The number of cattle shows has declined in recent years.
"The typical numbers 15 years ago were about 225. With the problems in the dairy industry now, I'm guessing we'll have 150 cows this year," she said.
She helps register animals as they are brought in the Tuesday before the fair starts. That work often extends into the early morning hours of the following day.
On Wednesday, she records the judges' decisions so awards and premiums can be handed out.
"The shows start at 9 in the morning and I write premiums until 5 or 6 each evening," she said.
Mrs.
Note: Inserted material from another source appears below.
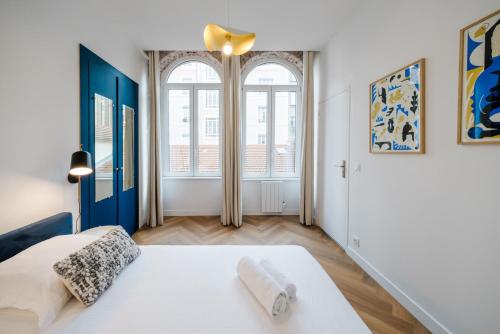- une chambre avec un lit blanc et 2 fenêtres dans l'établissement Lumineux T2, climatisé en centre ville AIL, à Lyon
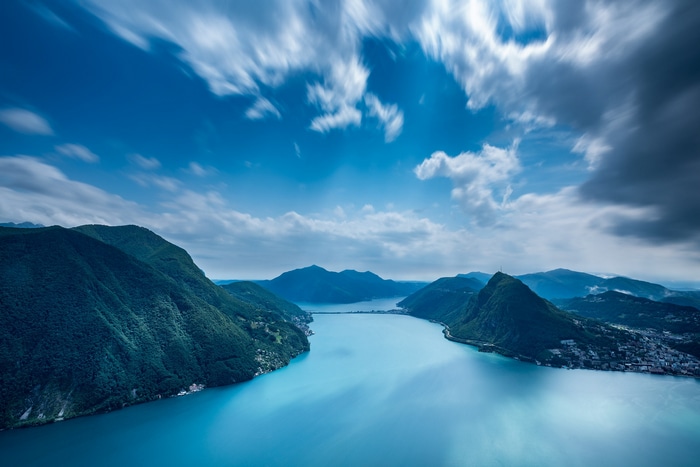 Long exposure of mountains and lake in Switzerland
Bollinger is proud of the work the fair's volunteers have done to maintain its rural character.
"I like it that it's still about agriculture and there are no games of chance," she said. "While you can get information about a lot of stuff, the only thing you can buy is food."
Judges brought in to evaluate the contests are also complimentary about the entries.
"No matter what judges we have and how many people show entries, the judges always comment on the high quality of the animals here," she said. "They tell us the animals are the best in the state."
While the judges are impressed, some visitors aren't as interested in the rural achievements the fair has worked to retain.
"People are not as interested in the crops and things," she said. "Too many people are off the farm now. But we think it's important to have the fair show rural life and our traditions."